Starting at the line that contains "rosa don juan9 650x650 1", write out each line exactly through the last one in the material below, and nothing more; omit all pictures.

========================================================================

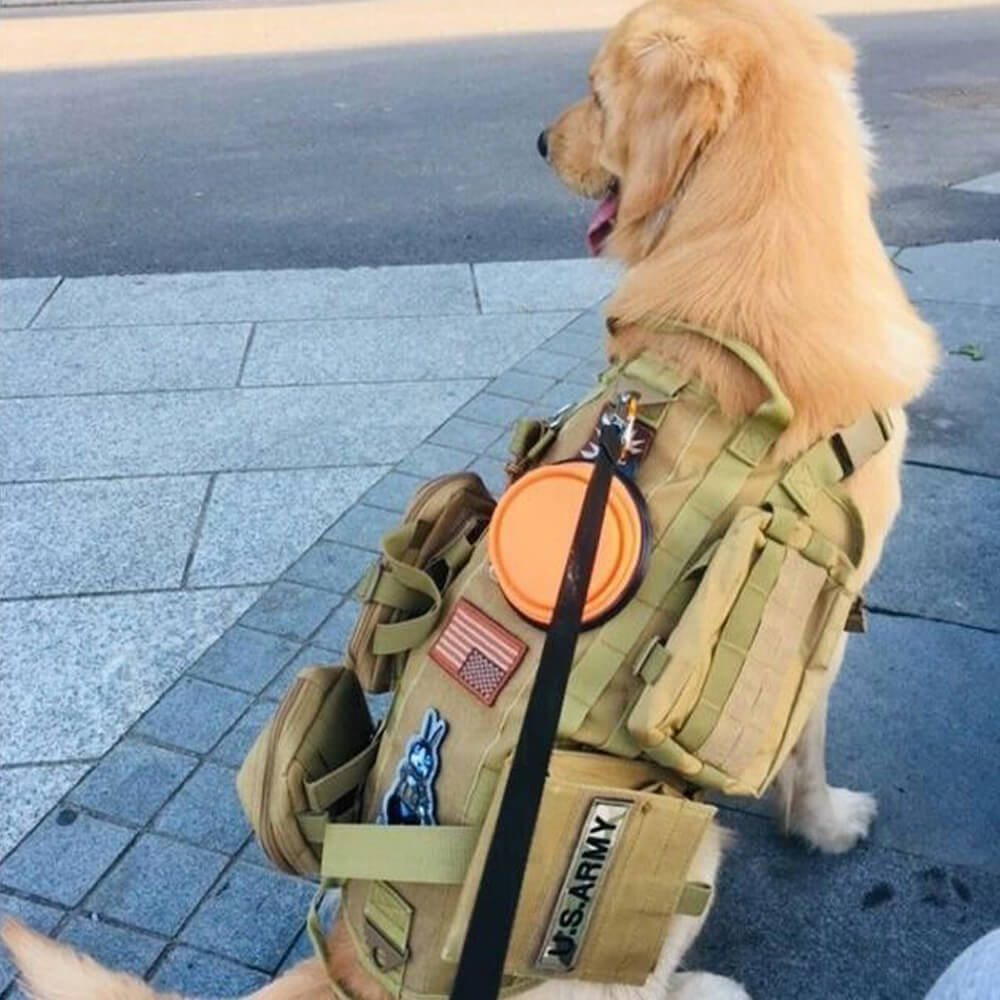 Militärstil Taktische Hundeweste mit verstellbaren Gurten
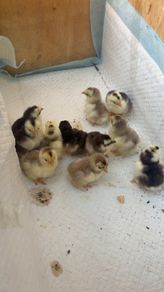 chicken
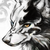 BloodyKillOokami :iconbloodykillookami:
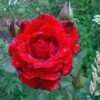 rosa don juan9 650x650 1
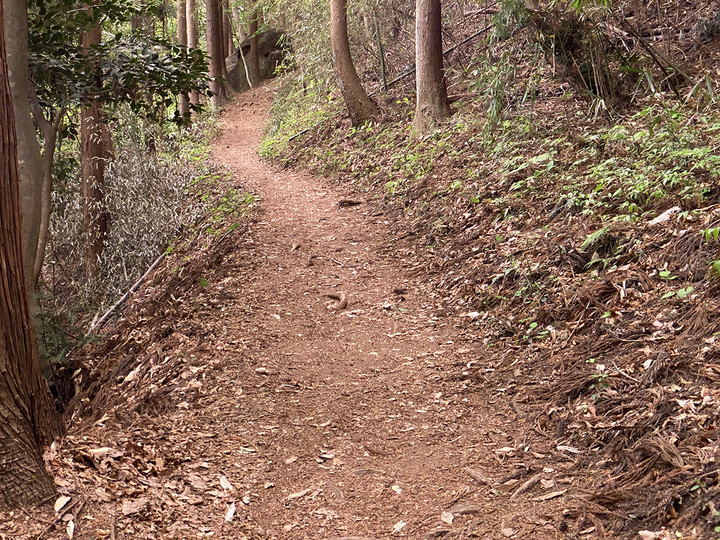 20210512prizm_trail_02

========================================================================

### TASK SOLUTION
 rosa don juan9 650x650 1
 20210512prizm_trail_02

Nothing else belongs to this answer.